**** Material for this task ****

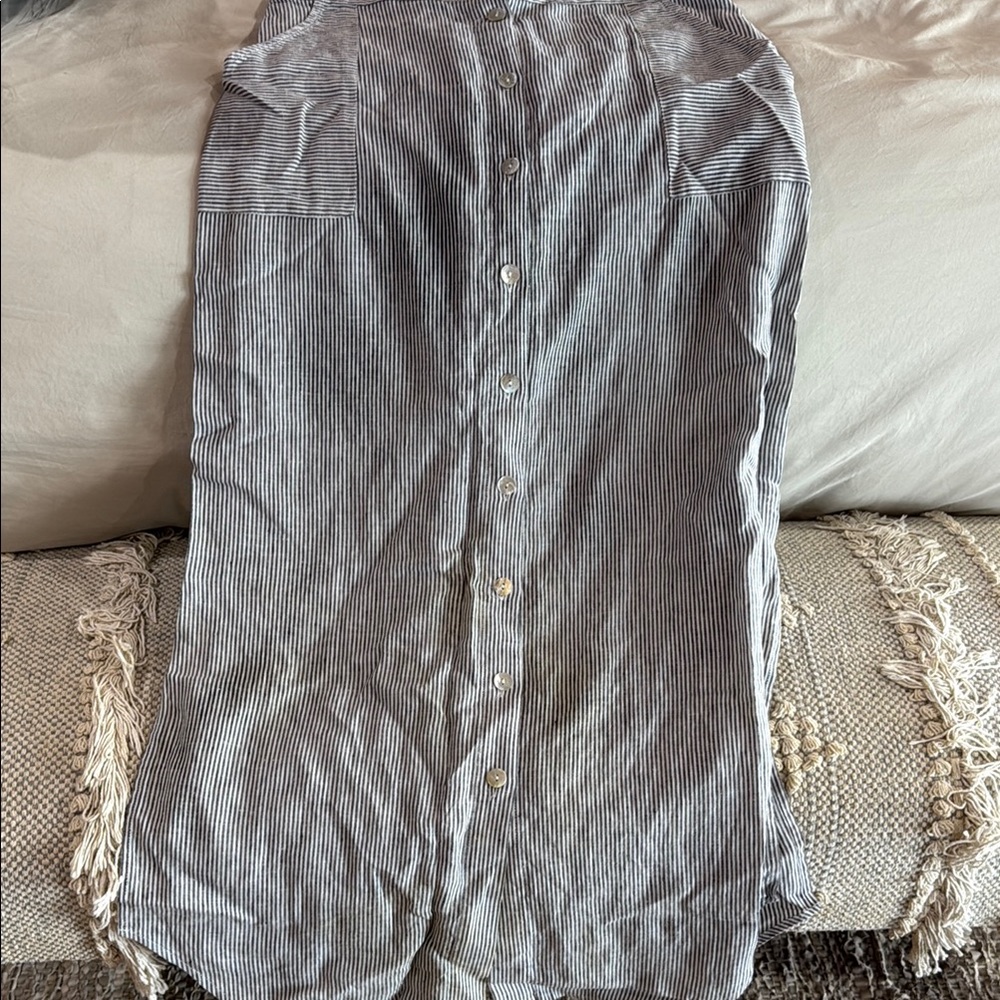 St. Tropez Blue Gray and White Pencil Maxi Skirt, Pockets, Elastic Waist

****
**** Material for this task ****

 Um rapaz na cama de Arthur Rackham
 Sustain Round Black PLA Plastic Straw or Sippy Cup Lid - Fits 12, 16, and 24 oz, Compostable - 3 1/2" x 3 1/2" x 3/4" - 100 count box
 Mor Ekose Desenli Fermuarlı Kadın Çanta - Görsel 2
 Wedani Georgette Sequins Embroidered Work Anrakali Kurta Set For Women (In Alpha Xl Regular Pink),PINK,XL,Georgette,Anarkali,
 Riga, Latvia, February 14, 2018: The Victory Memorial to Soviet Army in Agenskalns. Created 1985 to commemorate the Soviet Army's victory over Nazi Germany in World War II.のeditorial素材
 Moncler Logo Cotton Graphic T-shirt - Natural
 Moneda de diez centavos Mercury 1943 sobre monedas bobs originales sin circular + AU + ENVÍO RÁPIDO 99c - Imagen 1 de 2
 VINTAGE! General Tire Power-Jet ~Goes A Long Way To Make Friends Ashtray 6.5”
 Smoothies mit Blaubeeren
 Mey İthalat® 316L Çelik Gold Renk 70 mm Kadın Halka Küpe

****

What this task involves:
Beginning at the line above with "Sustain Round Black" and finishing at the line with "Wedani Georgette Sequins", return each line exactly and return nothing else.

Solution to the exercise:
 Sustain Round Black PLA Plastic Straw or Sippy Cup Lid - Fits 12, 16, and 24 oz, Compostable - 3 1/2" x 3 1/2" x 3/4" - 100 count box
 Mor Ekose Desenli Fermuarlı Kadın Çanta - Görsel 2
 Wedani Georgette Sequins Embroidered Work Anrakali Kurta Set For Women (In Alpha Xl Regular Pink),PINK,XL,Georgette,Anarkali,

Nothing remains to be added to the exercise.